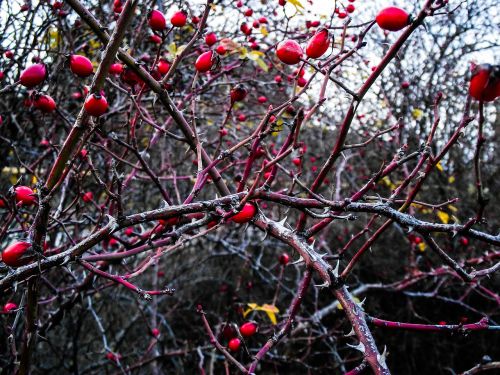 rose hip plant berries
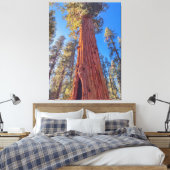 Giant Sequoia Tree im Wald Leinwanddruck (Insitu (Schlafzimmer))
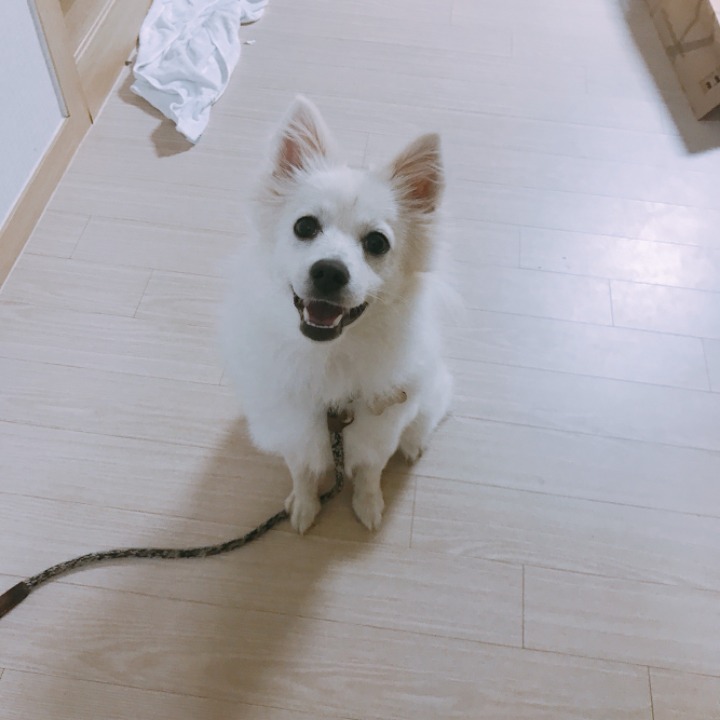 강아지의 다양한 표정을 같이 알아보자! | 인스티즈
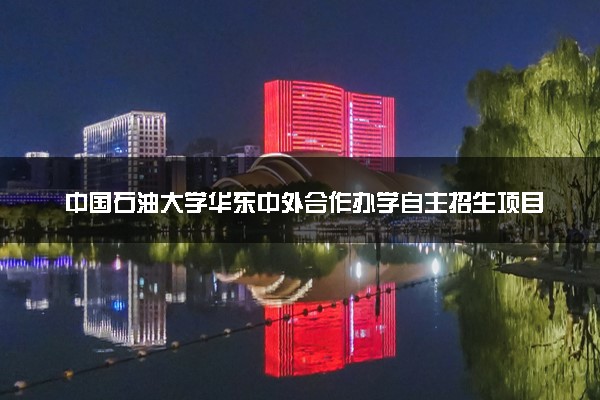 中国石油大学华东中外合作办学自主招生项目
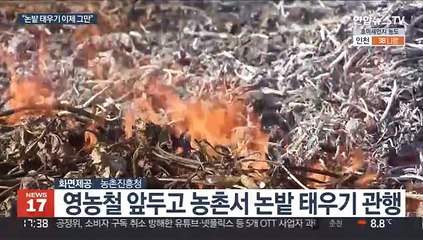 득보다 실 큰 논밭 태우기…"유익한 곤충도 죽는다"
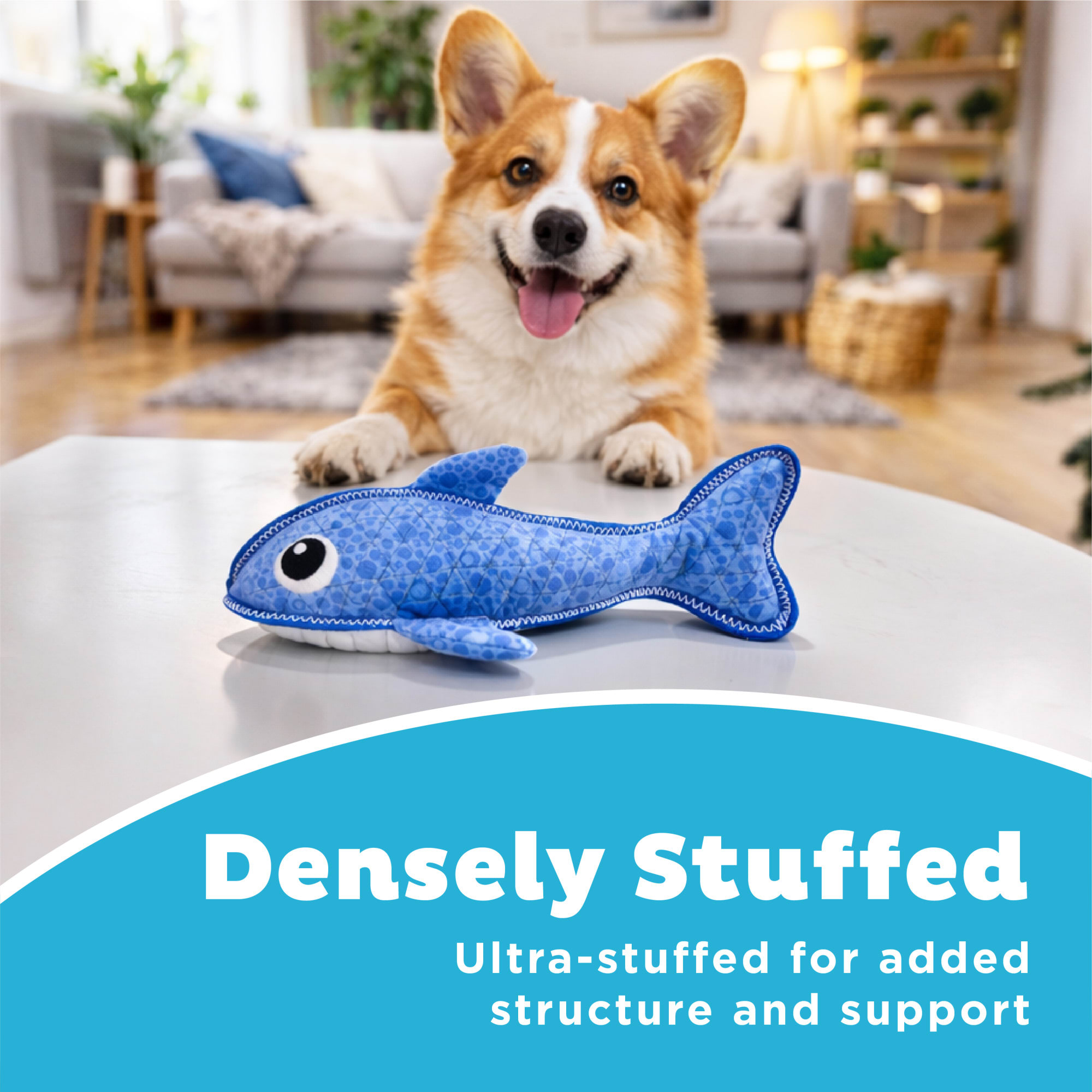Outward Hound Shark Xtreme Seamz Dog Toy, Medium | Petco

^^^^^^^^

◆ **What you need to do**
In the copy, each entry above must match exactly, and no picture may be carried over.

◆ **Solution to this task**
 rose hip plant berries
 Giant Sequoia Tree im Wald Leinwanddruck (Insitu (Schlafzimmer))
 강아지의 다양한 표정을 같이 알아보자! | 인스티즈
 中国石油大学华东中外合作办学自主招生项目
 득보다 실 큰 논밭 태우기…"유익한 곤충도 죽는다"
Outward Hound Shark Xtreme Seamz Dog Toy, Medium | Petco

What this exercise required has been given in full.